In recent years, a social media platform’s algorithm has been cited as the cause of all manner of problem. This opinion is usually held by content creators or users on such platforms, with the companies behind the algorithm often failing to provide public insight into how it works.
Twitter could be changing that as far as its own algorithm is concerned, which we have criticised on more than one occasion for creating an echo chamber in terms of the content you’re served up or interact with.
This change comes in the form of the newly announced Responsible Machine Learning Initiative.
The initiative will see Twitter enlist the help of data scientists and engineers from across the United States to investigate any potential “unintentional harms” that the platform’s algorithm may result in.
“When Twitter uses ML, it can impact hundreds of millions of Tweets per day and sometimes, the way a system was designed to help could start to behave differently than was intended. These subtle shifts can then start to impact the people using Twitter and we want to make sure we’re studying those changes and using them to build a better product,” explains the company in a blog post regarding the announcement.
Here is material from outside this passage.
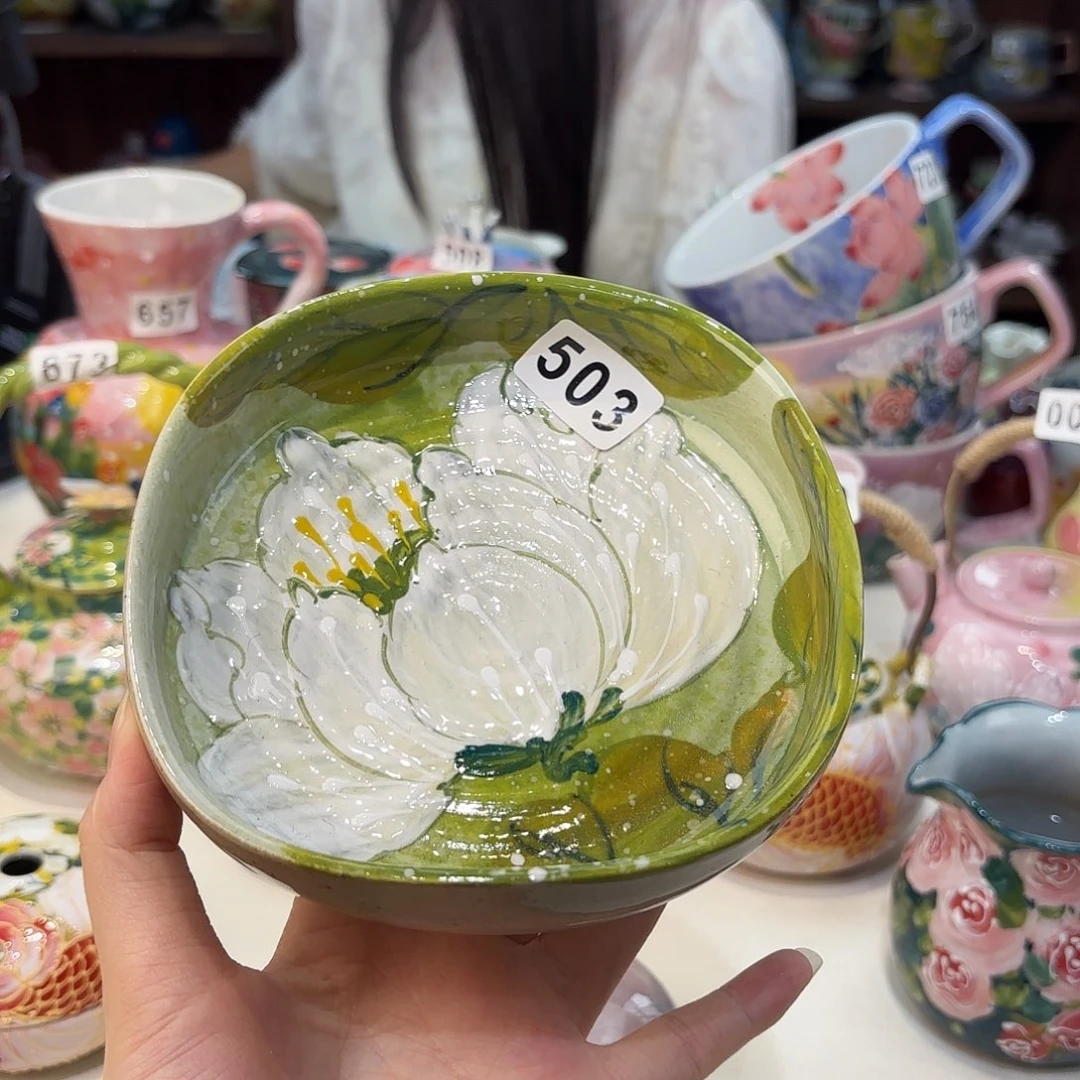 瓷片景德镇手绘高温釉下彩陶瓷茶具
“Leading this work is our ML Ethics, Transparency and Accountability (META) team: a dedicated group of engineers, researchers, and data scientists collaborating across the company to assess downstream or current unintentional harms in the algorithms we use and to help Twitter prioritise which issues to tackle first,” it adds.
Twitter will also be sharing its findings, particularly when it comes to what it unearths with regard to any bias within algorithm. To that end, the company says it will be publishing insights into the following areas in coming months:
- “A gender and racial bias analysis of our image cropping (saliency) algorithm
- A fairness assessment of our Home timeline recommendations across racial subgroups
- An analysis of content recommendations for different political ideologies across seven countries.”
While it is encouraging to see Twitter take bias within its platform seriously, it is not the first company to do so. As such it will be interesting to see whether the findings of the study result in actual refinements to the algorithm and tangible improvements to how the platform itself works.